War in Iraq has lifted the price of oil a little. Its long-term impact will be bigger.
Iraqi police and soldiers are expected to have their hands full as they try to prevent sabotage to southern Iraq’s oil infrastructure. In 2008, these police succeeded in protecting facilities that were being rebuilt as the U.S. presence in Iraq wound down.
Before Islamist fighters seized much of northern Iraq, hopes that the recent era of stable oil prices would last rested heavily on the country. Its exports were expected to go on rising, providing lots of low-cost oil at a time when the depletion of mature fields elsewhere is beginning to bite into supplies.
The International Energy Agency had projected that Iraq’s production would jump from 2.5 million barrels a day to 4.4 million in 2015 and nearly 6 million by 2020.
But as on so many occasions since 1980, war, sanctions and domestic upheaval have constrained the huge potential of OPEC’s second-biggest producer. The chances of restarting exports from northern Iraq (via a pipeline crippled by sabotage in March), and of investment and modernization in the country’s south, are looking slimmer by the day.
Fighting shut the Baiji refinery, Iraq’s largest, last week. It produced 170,000 barrels a day of gasoline and other products. In addition to exports, it supplied northern Iraq and Baghdad, which now face shortages.
Though there is little chance that the Shia south, which produces 90 percent of Iraq’s oil, will come under the control of the insurgents, sabotage and terrorism are more likely, as is political instability. Recovering from the previous bout of sectarian conflict, in 2006, took years. Nor is the news encouraging outsiders to invest in the new equipment that the badly run oil fields need.
A crumb of good news is that the semiautonomous Kurdish region of Iraq is trying to step up exports, with another two tankers due to be loaded at Ceyhan in Turkey this week, on top of two previous shipments this month. The Kurds have taken over the main oil town in the north, Kirkuk, and claim — confusingly — to have built a link from it to their own export pipeline in just a few days.
But buyers are twitchy: Iraq’s central government says it will sue anyone involved in what it regards as illegal exports. Amrita Sen of Energy Aspects, a consultancy, says that for all their sympathy with the Kurdish territory, it is the priorities of outsiders that are keeping Iraq together.

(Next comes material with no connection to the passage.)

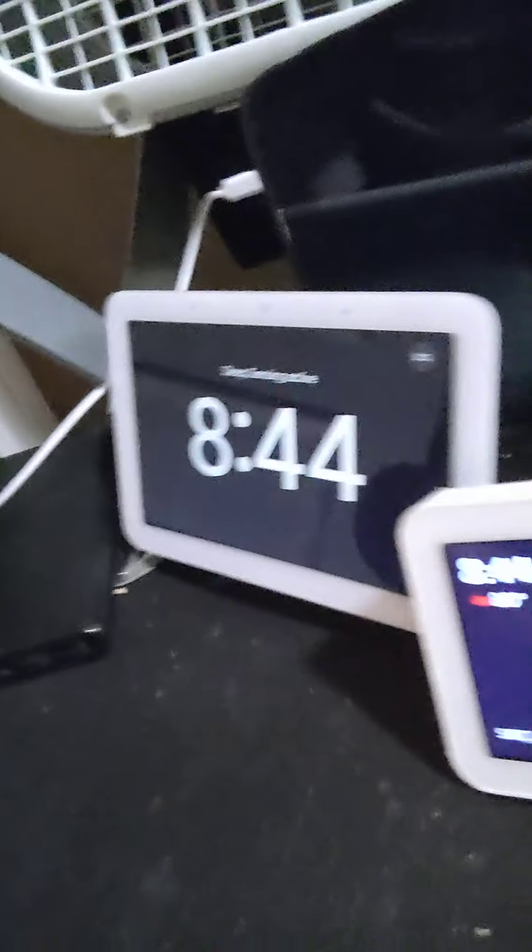What I like about the Nest Hub is it achieves this thin design — it's about the same thickness as an iPad. The screen is seven inches, which isn't the same as an iPad, but it's better than the Echo Show's screen which is only about five inches.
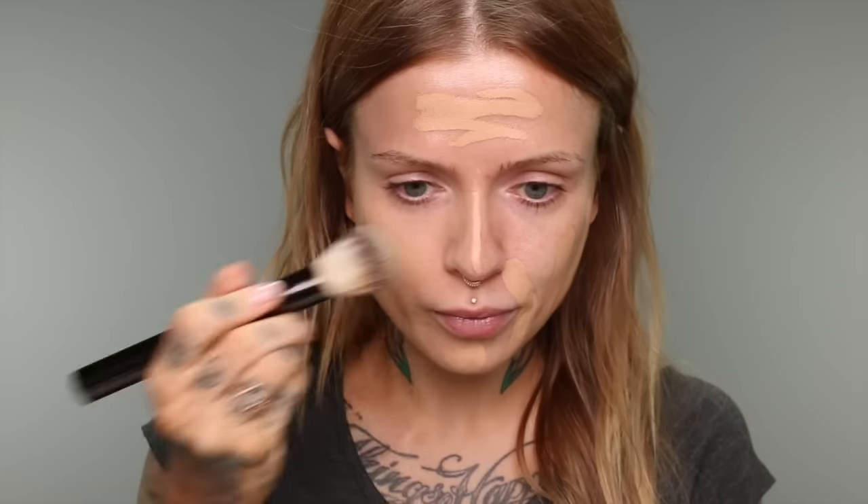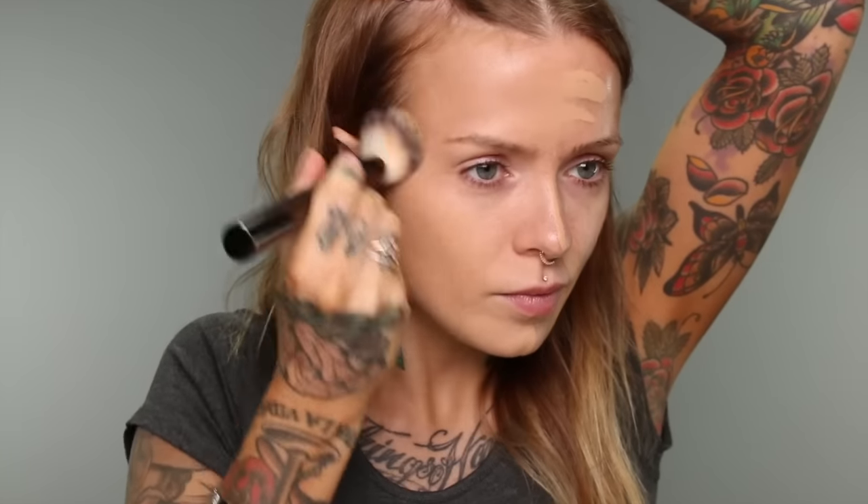I'm going to try the brush now. Well, that worked beautifully — it actually does feel a lot lighter than I thought it was going to feel once it's blended out. I was kind of nervous it was going to feel like I was actually wearing butter still, but let's go ahead and try the sponge on the other side.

The bad news from Iraq comes amid other woes. Exports from Syria, once nearly 400,000 barrels a day, have fallen almost to zero. Hopes that Libya, until recently a big oil producer, would restore production have shriveled. It returned to 1.5 million barrels a day quickly after the civil war of 2011, to the surprise of outsiders, but has now fallen back to less than 1 million. Fears are mounting, says Sen, that chaos and inactivity have seriously harmed Libya’s already fragile oil fields. The longer Iraq’s pumps stay idle, the greater the danger of damage there too.
For now, global stocks are strong and the main damage from events in Iraq is to expectations. The price of a barrel of Brent crude rose slightly as fighting intensified before steadying below $115. Saudi Arabia can pump more — up to 1 million barrels a day — and America could release crude from its Strategic Petroleum Reserve. But in the medium term the outlook is bleaker. Not everything has to go right to keep oil flowing in the quantities and prices that the industrialized world expects, but an awful lot is going wrong at once.